Article

Table of Contents
Theme:
Was this article helpful?
Try Vultr Today with

$50 Free on Us!

Want to contribute?

You could earn up to $300 by adding new articles!

Find and Delete Duplicate Rows in MySQL with GROUP BY and HAVING Clauses

Author: Francis Ndungu

Last Updated: Sat, Feb 20, 2021
MySQL and MariaDB Programming

Introduction

Sometimes, you might see more than one copy of the same record appearing in a MySQL database table. This usually happens after importing data from external sources such as spreadsheet applications that don't have the features of relational databases. Having identical copies of the same record may negatively affect your application and business logic. For instance, if customers get registered multiple times in your invoicing software, this might complicate the process of allocating credit limits. To overcome this challenge, you must delete the duplicate customers' records from your database.

In this guide, you'll create a test_db database and a sample customers table.

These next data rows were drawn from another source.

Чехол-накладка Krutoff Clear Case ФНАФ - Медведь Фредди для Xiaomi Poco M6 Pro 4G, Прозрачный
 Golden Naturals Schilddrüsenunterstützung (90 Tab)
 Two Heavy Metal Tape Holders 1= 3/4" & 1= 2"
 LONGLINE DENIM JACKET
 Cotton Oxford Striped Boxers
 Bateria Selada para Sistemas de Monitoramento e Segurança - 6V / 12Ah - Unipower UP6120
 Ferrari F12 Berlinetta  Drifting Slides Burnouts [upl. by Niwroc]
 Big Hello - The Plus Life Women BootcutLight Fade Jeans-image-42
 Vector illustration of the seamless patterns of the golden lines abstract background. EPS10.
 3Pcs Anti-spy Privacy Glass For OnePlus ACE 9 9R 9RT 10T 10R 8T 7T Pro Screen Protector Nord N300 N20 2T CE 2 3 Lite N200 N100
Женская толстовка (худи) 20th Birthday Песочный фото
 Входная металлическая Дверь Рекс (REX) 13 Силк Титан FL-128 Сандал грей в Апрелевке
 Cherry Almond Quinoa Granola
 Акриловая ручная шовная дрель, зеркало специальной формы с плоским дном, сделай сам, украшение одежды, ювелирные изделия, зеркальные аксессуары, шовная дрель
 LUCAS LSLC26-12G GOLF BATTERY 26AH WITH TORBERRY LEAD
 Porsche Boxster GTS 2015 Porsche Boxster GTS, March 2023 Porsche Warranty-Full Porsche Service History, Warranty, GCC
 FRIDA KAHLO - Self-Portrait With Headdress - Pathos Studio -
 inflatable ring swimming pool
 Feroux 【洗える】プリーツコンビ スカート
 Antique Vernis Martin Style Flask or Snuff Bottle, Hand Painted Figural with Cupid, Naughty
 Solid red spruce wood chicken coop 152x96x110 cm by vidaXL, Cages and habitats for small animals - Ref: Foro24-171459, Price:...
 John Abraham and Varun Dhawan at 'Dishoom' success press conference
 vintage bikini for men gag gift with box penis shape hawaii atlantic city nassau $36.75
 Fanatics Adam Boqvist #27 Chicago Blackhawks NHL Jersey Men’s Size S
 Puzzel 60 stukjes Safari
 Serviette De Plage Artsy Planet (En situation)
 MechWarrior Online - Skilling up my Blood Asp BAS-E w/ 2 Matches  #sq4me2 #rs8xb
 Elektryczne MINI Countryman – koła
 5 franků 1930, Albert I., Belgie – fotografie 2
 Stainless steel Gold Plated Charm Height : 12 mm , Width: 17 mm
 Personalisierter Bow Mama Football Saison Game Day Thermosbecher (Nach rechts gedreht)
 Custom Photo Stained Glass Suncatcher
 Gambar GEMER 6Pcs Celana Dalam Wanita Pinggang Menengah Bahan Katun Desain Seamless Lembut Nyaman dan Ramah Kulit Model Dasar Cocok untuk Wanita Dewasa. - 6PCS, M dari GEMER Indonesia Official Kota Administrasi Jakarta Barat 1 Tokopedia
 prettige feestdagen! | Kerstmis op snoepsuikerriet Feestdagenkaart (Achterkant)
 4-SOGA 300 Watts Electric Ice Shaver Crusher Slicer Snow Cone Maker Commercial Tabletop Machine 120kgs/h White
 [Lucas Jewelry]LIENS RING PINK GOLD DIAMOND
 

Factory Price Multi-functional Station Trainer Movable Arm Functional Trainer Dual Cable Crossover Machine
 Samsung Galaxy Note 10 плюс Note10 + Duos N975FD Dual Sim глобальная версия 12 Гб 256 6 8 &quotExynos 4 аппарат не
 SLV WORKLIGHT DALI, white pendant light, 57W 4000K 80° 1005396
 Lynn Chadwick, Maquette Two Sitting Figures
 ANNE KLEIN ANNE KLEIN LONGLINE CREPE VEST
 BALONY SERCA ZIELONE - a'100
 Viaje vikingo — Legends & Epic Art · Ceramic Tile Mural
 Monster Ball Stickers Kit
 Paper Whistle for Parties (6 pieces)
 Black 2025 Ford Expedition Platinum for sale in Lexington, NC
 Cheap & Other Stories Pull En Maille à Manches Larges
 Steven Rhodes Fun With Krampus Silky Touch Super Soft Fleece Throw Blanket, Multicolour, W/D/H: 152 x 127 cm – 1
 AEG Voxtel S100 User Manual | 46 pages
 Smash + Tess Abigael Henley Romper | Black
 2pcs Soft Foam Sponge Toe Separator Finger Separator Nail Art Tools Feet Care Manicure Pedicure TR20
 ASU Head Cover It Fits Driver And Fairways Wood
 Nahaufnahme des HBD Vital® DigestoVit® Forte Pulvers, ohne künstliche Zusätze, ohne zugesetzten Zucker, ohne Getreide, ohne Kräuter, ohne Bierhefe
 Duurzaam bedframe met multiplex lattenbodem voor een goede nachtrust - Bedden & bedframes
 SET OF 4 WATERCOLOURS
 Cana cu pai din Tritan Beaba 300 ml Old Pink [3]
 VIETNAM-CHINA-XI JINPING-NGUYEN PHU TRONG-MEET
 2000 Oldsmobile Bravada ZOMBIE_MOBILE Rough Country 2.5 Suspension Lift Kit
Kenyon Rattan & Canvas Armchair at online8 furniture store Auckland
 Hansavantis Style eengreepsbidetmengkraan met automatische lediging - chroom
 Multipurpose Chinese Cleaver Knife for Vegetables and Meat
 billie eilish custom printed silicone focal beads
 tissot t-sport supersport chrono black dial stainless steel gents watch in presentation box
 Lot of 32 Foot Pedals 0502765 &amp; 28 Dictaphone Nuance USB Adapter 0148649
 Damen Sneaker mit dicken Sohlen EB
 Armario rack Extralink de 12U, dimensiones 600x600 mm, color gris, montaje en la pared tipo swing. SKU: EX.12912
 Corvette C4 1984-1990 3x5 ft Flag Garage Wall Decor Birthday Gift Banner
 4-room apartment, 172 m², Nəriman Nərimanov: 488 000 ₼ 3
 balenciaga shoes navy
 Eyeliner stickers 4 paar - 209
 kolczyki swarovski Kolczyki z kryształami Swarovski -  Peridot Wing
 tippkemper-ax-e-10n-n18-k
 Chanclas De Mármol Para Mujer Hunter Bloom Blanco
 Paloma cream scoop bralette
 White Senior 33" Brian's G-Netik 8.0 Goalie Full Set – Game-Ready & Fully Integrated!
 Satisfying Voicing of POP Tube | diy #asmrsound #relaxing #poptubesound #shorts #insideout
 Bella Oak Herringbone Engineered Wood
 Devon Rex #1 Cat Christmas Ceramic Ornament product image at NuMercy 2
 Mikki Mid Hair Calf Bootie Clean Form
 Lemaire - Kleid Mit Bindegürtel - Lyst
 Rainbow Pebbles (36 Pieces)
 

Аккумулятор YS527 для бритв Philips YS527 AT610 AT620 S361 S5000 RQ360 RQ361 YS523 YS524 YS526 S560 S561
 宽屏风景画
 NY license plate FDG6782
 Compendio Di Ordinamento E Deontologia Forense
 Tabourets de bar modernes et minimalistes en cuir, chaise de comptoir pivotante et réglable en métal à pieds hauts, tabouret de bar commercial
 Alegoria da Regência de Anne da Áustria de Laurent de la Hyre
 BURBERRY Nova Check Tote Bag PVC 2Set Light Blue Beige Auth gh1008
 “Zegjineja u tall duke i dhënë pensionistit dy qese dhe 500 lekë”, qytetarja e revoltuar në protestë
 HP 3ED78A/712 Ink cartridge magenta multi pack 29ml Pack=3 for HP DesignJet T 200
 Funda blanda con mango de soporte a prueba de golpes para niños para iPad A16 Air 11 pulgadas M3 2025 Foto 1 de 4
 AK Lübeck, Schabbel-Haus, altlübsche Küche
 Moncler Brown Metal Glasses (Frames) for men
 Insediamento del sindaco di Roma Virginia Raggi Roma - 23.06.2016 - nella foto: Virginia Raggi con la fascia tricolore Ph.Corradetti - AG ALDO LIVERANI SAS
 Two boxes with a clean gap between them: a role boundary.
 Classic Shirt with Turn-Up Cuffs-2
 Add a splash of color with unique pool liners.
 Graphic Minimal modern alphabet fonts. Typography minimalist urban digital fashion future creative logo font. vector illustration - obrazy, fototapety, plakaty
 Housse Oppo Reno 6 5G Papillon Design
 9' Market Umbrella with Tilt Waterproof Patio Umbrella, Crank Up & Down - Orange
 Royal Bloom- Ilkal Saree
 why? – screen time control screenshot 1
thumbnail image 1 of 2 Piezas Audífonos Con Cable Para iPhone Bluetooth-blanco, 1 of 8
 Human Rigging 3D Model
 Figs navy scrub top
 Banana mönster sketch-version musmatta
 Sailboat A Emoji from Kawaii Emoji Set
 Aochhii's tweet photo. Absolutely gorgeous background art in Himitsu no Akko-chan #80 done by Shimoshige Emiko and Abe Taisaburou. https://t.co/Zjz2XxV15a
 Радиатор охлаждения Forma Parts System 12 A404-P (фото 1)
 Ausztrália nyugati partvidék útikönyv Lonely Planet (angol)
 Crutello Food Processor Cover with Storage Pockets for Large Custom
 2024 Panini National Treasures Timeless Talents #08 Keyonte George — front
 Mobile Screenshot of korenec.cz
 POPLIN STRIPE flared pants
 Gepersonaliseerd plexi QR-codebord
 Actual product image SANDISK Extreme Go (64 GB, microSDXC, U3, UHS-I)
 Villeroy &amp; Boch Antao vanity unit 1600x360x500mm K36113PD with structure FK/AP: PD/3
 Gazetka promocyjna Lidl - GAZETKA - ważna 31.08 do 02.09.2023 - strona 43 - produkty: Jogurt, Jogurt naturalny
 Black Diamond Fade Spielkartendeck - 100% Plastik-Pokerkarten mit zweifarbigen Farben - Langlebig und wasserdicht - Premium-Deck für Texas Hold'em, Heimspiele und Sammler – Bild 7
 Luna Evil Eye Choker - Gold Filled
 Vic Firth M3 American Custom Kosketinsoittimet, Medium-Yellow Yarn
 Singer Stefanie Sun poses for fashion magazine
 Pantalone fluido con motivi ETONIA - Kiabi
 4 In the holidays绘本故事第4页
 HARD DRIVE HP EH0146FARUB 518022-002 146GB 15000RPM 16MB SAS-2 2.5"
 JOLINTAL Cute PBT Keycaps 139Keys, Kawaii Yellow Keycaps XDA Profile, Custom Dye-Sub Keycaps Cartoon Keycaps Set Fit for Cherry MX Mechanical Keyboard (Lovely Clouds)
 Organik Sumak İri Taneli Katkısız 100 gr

You'll then populate the table with a random list of customers' details containing some duplicates. Finally, you'll use the MySQL GROUP BY and HAVING clauses to find and DROP duplicate rows.

Prerequisites

To follow along with this guide, make sure you have the following:

  • An Ubuntu 20.04 server.
  • A sudo user.
  • A LAMP Stack. To test this guide, you only need to install the MySQL database server.

Create a test_db Database

First, SSH to your server and run the command below to log in to your MySQL database server as root.

$ sudo mysql -u root -p

When prompted, enter the root password of your MySQL server and press ENTER to continue. Then, run the command below to create a test_db database.

mysql> CREATE DATABASE test_db;

Use the test_db database.

mysql> USE test_db;

Next, set up a customers table. In this table, you'll uniquely identify the customers by referring to the customer_id column, which should be auto-populated since you'll define it with a PRIMARY KEY statement. The table will then record the first_name, last_name and phone number of the customer.

Create the customers table.

mysql> CREATE TABLE customers (
       customer_id BIGINT NOT NULL AUTO_INCREMENT PRIMARY KEY,
       first_name VARCHAR(50),
       last_name VARCHAR(50),
       phone VARCHAR(15)
       ) ENGINE = InnoDB;

Next, populate the customers table with some records. Please note that it is possible for you to INSERT details of the same customer multiple times in this table. As earlier indicated, you might be importing some records from an external data source that lacks the functionalities of a relational database.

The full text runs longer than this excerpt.